Visualizza Le comari del Monferrato in una mappa di dimensioni maggiori

We advise you to load your bike onto your car to reach Portacomaro, where you can leave it in Piazza Marconi. First be sure, however, that there is no scheduled match of wall tamburello, (tambass in Piedmontese). A variant of the popular “palla pugno,” the tambass is even more popular in the provinces of Asti and Alessandria, where it’s played in the towns’ piazzas, under fortress ramparts, or in the sphaeristerium (ancient Roman handball courts). The particularity of this classic tamburello is that the ball can be hurled against the wall of the opposite side to try and keep your opponents from being able to hit it back.

In Portacomaro, where tambass is a much-practiced and followed sport, the slight curvature of the wall of the medieval Ricetto fortress has made it practically famous in the history of the game. The visiting teams dread this place, because the home team knows exactly how to use the wall’s every irregularity to their advantage.

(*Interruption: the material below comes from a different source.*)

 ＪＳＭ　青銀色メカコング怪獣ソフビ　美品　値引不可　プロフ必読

Now is the time to saddle up on your bike. Head in the direction towards Scurzolengo along a road that is growing with vineyards of Grignolino. Turning towards Castagnole Monferrato, you’ll have to face the Bricco Gioia (“Joyful Peak”) a climb that is beautiful but fatiguing. At the end of the descent, turn towards Asti and ride along for a few kilometers on the plains until you reach the collection of houses called Valenzani, where you take a left on the road towards Refrancore. Here, another uphill awaits you; but make the trip more pleasant by observing the fruit orchards of Farmhouse (Cascina) La Gioia, where we suggest you pause for a break. Depending on the season, you can fill your belly with organic apples, apricots, or pears. The most tired bike rider can also rest in one of the three rooms in their bed & breakfast.

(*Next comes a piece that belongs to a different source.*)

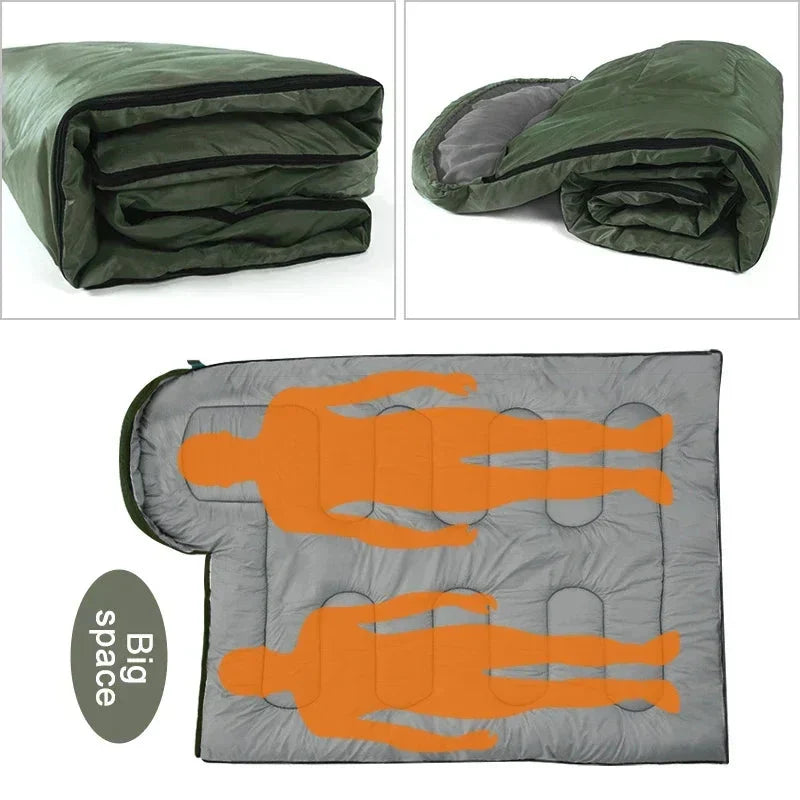Sleeping Bag 4-Season Ultralight Water-Repellent Cotton Lining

The descent that takes you to the center of Refrancore will be restorative. This small town of Monferrato may take its name from the expression Rivus Francorum, or “a river of the Franks:” the modern day Gaminella Stream where in 663 AD, a tremendous battle between the Lombards and Franks was played out. According to the Late Medieval historian Paolo Diacono, the transalpine invaders got the worst of the battle; the “rivus” ran red with their blood, “ex sanguine Francorum.” On the main road of the town, take an obligatory stop at the bakery Pasticceria Fratelli Grossetti, where you’ll find the popular finocchini, well-browned egg-dough cookies with fennel seeds, honey, and anise. These crunchy cookies are actually quite nutritious and easy to digest, and are used as gifts for convalescents. Anyone can enjoy them with the creamy dessert zabaione or accompanied with the sweet wine Moscato d’Asti.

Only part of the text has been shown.